- **YOUR ASSIGNMENT**:
Repeat nothing but the lines below running from the one containing "Blouses pour femmes" to the one containing "Daisy Trio and". Keep both end lines.

Caption-style text data
= Beginning of Section =
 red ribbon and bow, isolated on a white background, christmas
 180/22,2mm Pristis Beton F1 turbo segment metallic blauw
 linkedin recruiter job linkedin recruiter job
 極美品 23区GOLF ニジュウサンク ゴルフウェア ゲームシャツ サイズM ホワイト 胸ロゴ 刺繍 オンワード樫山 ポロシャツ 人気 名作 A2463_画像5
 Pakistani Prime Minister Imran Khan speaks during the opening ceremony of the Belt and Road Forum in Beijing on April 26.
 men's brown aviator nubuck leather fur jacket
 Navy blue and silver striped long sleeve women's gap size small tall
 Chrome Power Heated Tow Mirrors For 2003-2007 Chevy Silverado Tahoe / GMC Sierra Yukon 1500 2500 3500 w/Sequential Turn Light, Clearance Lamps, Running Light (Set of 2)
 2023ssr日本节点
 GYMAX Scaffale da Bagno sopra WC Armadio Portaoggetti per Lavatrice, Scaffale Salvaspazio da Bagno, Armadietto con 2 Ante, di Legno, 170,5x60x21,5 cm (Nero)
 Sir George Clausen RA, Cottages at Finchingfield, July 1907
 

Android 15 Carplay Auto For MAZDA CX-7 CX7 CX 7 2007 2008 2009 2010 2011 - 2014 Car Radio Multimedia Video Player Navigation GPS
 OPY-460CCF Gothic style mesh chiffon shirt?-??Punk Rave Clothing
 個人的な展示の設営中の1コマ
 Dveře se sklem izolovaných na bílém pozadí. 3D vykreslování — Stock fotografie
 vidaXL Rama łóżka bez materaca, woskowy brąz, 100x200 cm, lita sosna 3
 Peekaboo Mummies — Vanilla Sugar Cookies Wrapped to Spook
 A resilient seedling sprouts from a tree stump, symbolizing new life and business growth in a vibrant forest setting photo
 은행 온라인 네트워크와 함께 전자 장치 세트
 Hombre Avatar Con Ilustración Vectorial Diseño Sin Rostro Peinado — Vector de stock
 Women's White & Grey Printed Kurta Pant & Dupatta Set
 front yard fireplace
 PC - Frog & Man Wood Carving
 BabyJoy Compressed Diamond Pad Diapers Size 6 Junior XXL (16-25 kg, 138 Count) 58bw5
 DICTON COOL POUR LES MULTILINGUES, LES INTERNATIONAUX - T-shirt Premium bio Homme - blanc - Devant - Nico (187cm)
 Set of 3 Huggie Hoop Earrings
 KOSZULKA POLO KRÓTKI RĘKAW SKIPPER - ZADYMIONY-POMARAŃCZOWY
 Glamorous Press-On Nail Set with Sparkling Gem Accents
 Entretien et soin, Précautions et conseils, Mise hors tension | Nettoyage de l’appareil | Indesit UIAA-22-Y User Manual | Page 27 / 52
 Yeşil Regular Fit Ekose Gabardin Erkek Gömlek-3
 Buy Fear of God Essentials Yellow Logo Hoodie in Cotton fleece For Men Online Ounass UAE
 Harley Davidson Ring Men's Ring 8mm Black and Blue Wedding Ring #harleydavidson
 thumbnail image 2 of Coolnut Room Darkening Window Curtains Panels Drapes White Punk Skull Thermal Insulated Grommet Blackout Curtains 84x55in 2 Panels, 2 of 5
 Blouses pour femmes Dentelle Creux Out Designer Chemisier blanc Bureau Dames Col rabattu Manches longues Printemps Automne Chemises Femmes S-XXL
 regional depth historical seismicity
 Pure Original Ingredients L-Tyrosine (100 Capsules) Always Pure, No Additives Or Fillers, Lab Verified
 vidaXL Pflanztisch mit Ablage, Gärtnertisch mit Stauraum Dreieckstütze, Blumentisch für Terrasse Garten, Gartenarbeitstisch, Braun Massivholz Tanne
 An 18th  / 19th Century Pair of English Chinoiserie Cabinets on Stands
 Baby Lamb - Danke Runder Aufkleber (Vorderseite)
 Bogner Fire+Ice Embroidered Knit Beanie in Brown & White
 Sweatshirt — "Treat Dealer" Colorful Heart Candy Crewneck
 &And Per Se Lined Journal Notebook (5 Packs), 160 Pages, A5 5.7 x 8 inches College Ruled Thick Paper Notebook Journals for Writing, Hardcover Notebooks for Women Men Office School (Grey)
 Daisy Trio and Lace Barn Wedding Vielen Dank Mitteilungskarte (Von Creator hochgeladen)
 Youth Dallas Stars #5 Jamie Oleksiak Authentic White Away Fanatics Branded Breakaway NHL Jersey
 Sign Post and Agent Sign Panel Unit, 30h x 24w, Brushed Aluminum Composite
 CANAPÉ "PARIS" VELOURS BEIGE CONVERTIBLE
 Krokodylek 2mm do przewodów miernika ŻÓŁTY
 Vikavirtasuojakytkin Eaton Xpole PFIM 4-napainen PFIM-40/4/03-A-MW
= End of Section =
- **ANSWER TO THE EXERCISE**:
 Blouses pour femmes Dentelle Creux Out Designer Chemisier blanc Bureau Dames Col rabattu Manches longues Printemps Automne Chemises Femmes S-XXL
 regional depth historical seismicity
 Pure Original Ingredients L-Tyrosine (100 Capsules) Always Pure, No Additives Or Fillers, Lab Verified
 vidaXL Pflanztisch mit Ablage, Gärtnertisch mit Stauraum Dreieckstütze, Blumentisch für Terrasse Garten, Gartenarbeitstisch, Braun Massivholz Tanne
 An 18th  / 19th Century Pair of English Chinoiserie Cabinets on Stands
 Baby Lamb - Danke Runder Aufkleber (Vorderseite)
 Bogner Fire+Ice Embroidered Knit Beanie in Brown & White
 Sweatshirt — "Treat Dealer" Colorful Heart Candy Crewneck
 &And Per Se Lined Journal Notebook (5 Packs), 160 Pages, A5 5.7 x 8 inches College Ruled Thick Paper Notebook Journals for Writing, Hardcover Notebooks for Women Men Office School (Grey)
 Daisy Trio and Lace Barn Wedding Vielen Dank Mitteilungskarte (Von Creator hochgeladen)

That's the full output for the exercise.